BACKGROUND OF THE INVENTION

This invention is directed to a cryogenic regenerator, and particularly a regenerator having structural features for improved gas flow distribution, reduction in regenerator packing compression, and regenerator packing blowby.

Regenerators are widely employed in the cryogenic arts. With cyclic reversal of gas flow through the regenerator, heat is given up to and retrieved from the regenerator packing. Gas cyclicly flowing through the regenerator must be in heat exchange with the regenerator packing. A temperature differential is usually maintained across the ends of the regenerator. A regenerator may be employed in cycles where there are different pressures at different points around the cycle, or may be employed in Vuilleumier type of refrigeration cycle. Large regenerators in massive cryogenic equipment do not have size and weight limits and as a result are not subjected to critical design as far as size and weight parameters are concerned. However, regenerators which are part of cryogenic equipment which is subject to size and weight limitations must be carefully and critically designed. Particular patents disclosing compact or miniaturized Vuilleumier regrigerators include K. W. Cowans, U.S. Pat. Nos. 3,379,026 and Re. 27,338. G. P. Lagodmos, U.S. Pat. No. 3,742,719 also shows such a refrigerator. The basic thermodynamic cycle is shown in Vuilleumier U.S. Pat. No. 1,275,507.

SUMMARY

In order to aid in the understanding of this invention, it can be stated in essentially summary form that it is directed to a cryogenic regenerator, particularly a regenerator having sidewall features which inhibit blowby past the regenerator packing along the regenerator wall, and may also have the feature of improved gas flow distribution into the regenerator packing. In most cases the packing is metallic spheres.

It is thus an object of this invention to provide a cryogenic regenerator having characteristics which permit miniaturization of the regenerator so that a high efficiency regenerator is provided particularly for compact and miniaturized cryogenic equipment. It is another object to provide a cryogenic regenerator wherein the walls of the regenerator have parallel grooves therein into which loose regenerator packing can extend to inhibit packing blowby. It is another object to provide improved distribution at the end of the regenerator packing to minimize dead volume and improve gas flow distribution.
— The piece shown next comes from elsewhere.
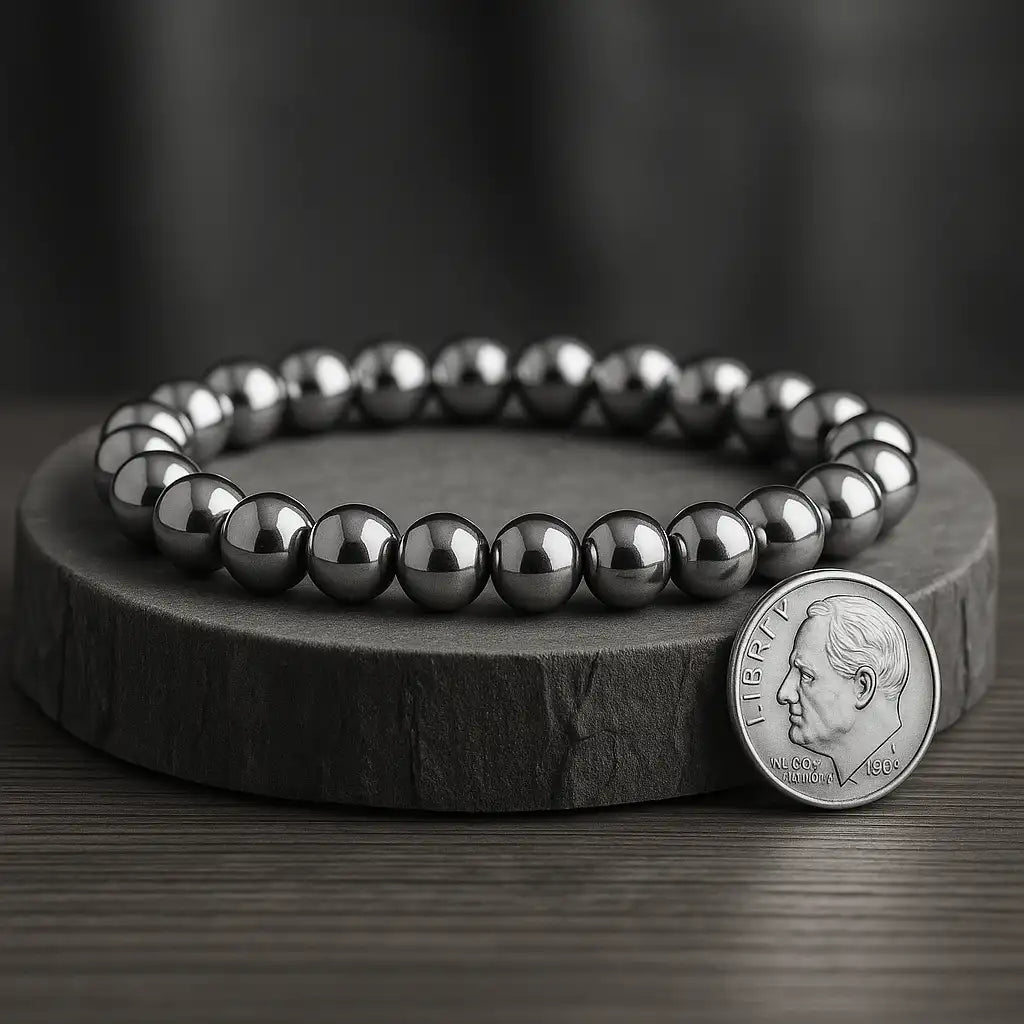 Money Maker Bracelet (Original Silver Hematite)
Other objects and advantages of this invention will become apparent from a study of the following portion of this specification, the claims and the attached drawings.

BRIEF DESCRIPTION OF THE DRAWINGS

FIG. 1 is a side elevational view of a miniaturized Vuilleumier refrigerator having the improved cryogenic regenerator of this invention incorporated therein.

FIG. 2 is a side elevational view of the cold displacers of the refrigerator of FIG. 1, with parts broken away and most parts taken in central section.

FIG. 3 is an enlarged detail of one end of the second stage regenerator illustrated in FIG. 2.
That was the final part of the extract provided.